There’s no question that many people have totally warped minds. The way we process reality is through a screen of thoughts, judgements, beliefs and conditioning and this informs our behaviour which, depending on the structure and content of our filtering process, can exhibit many forms of dysfunction.


No one is immune to this. All of us have these ‘erroneous zones’ to quote the title of a Wayne Dyer book. In most people these areas of perceptual distortion create comparatively minor dysfunctions, perhaps in certain areas such as relationships, self-concept, anxieties, fears or dysfunctional behaviours. But in some people, their internal wiring is so deeply distorted that these individuals become inhuman monsters, capable of committing untold acts of evil. And, somehow, they always manage to find ways to justify their behaviour.


The sobering thing is that, depending on the way our mental filtration system is wired, any one of us has the potential to become a psychopath! Unless, of course, we have the ability to acknowledge, witness and see beyond our perceptual filters, because only then can we transcend them.


At this point in time, it’s probably fair to say that the majority of people don’t have a sufficiently high degree of self-awareness to be able to do this. That’s why the majority of people believe that it is always situations, other people and the world that are the cause of their suffering, rather than their own interpretations, stories and commentary about those perceived externals. To be lost in our interpretations and mind-stuff and continually, pathologically, mistaking them for reality is live life asleep at the wheel, or enmeshed in samsara as the Buddhists might say.


Waking up from the dream of thoughts, belief structures and the maze of our mental interpretations is one way to transcend them and find genuine peace in life. Another way, and one that’s possibly easier for many people, is simply to shift the focus of our attention. This is one of the simplest laws of life and it’s not rocket science: we become what we focus on. If we focus on negative things, such as miserable, depressing, hateful and violent things, then tend to become miserable, depressed, hateful and violent people. On the other hand, if we focus on qualities such as harmony, balance, peace, gratitude and love, then we can’t help but become more harmonious, balanced, peaceful, grateful and loving people.

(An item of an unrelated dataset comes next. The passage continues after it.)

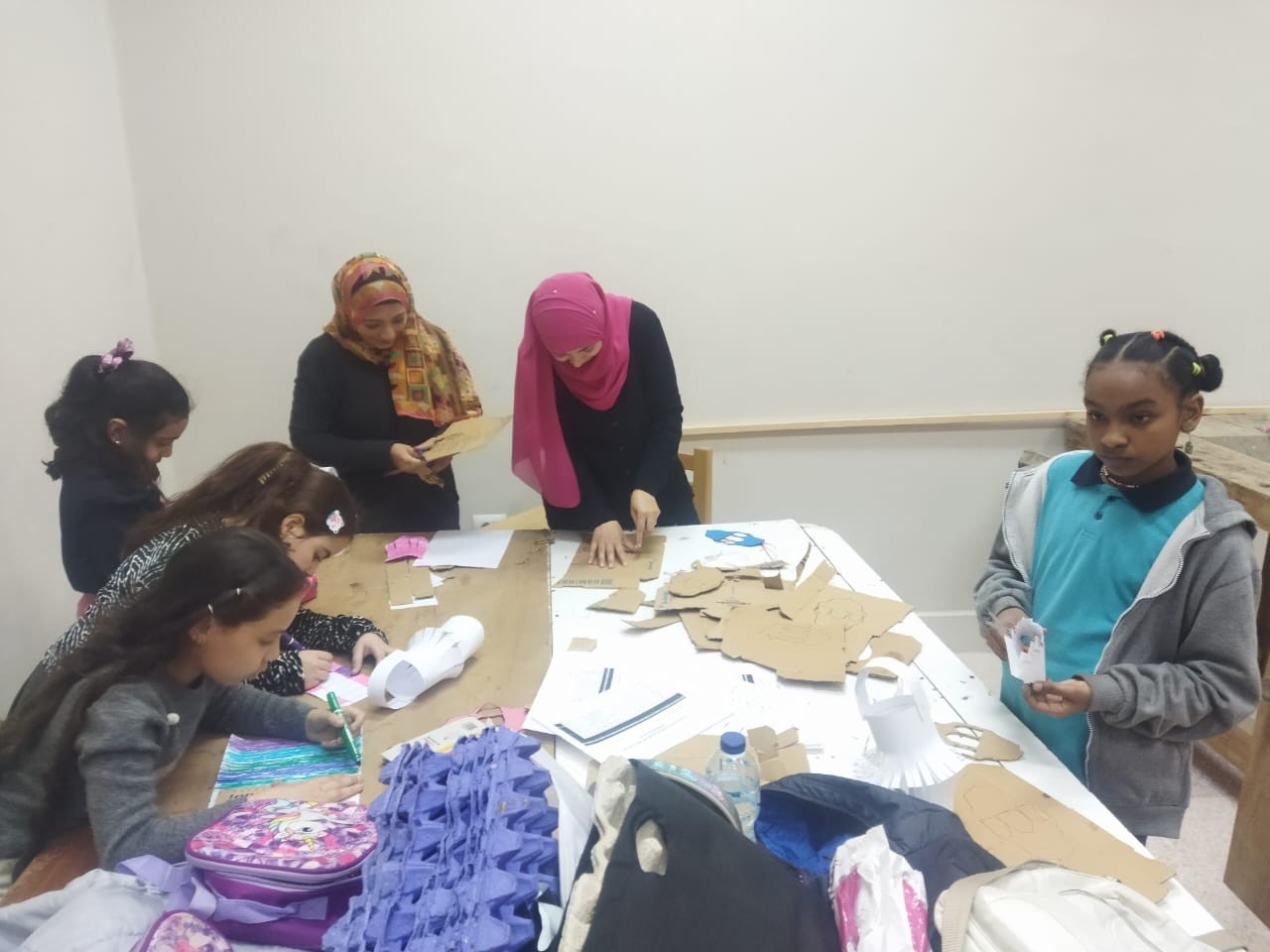 ورشة تصنيع زينة رمضان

You can experiment with this right now. Take a moment to ruminate on the following words: hate, misery, suffering, violence, murder, pain. Repeat them silently or aloud to yourself and notice how it makes you feel physiologically. If you really take some time to notice how your body responds, you’ll probably feel a tightening and contracting sensation and perhaps even a slight nausea. Now spend some time focussing on these words: love, kindness, joy, hope, harmony, peace, beauty. How does that make you feel? I’m guessing your body will feel lighter, freer and more at peace. Instead of contraction, you might notice a feeling of expansion and openness and maybe even a pleasant tingling sensation.


Focussing on positive qualities such as love and kindness doesn’t just give you a momentary buzz. When you spend enough time focussing on these qualities, it actually changes the structure of your brain. This has been demonstrated in brain scans of Buddhist monks who regularly practise what is called metta meditation, a practise in which they sustain focus on love and kindness. The focus of their attention demonstrably rearranges their brain structure and as a result they are more aligned with the qualities they are focussing on, becoming more peaceful, loving and compassionate. The implications of this are unquestionably profound.

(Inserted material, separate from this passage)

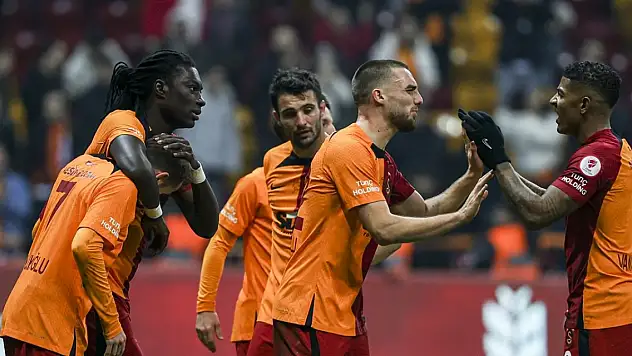 Galatasaray Gomis'le turladı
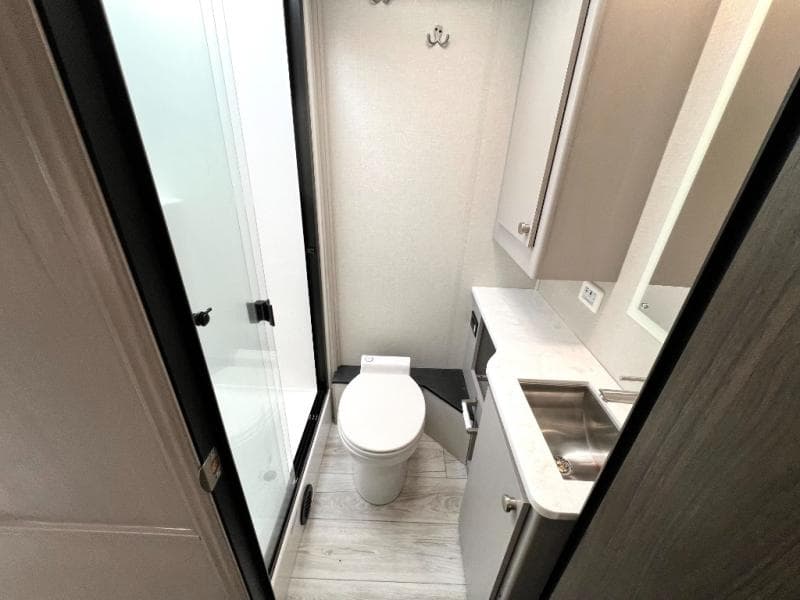 2025 Coachmen 2025 Coachmen Entourage - thumbnail 44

If focusing on positive attributes such as love and compassion can change the structure of our brains and make us experience these attributes more readily (and, no doubt, altering the entire way we see and experience the world and life), then surely the opposite must also be true. By continually focussing on hate, violence and despair, we become ‘wired’ to feel these emotions more readily and this in turn colours the way we see others and the world.


Now, it just so happens that our media is negative in the extreme. We are continually bombarded with stories and images of violence, hate, prejudice, suffering and cruelty. Not to say these things don’t exist in the world, because sadly they do. But our unrelenting focus on them is actually distorting our brains and perpetuating and intensifying these conditions in the world. I can’t stand to watch the news, because having studied press and broadcasting, I know how it is gathered, created and structured to be as negative, hard-hitting and emotive as possible. Essentially it’s not news stories they are selling, but negative feelings - which, it has to be said, a dysfunctional part of many people actually laps up.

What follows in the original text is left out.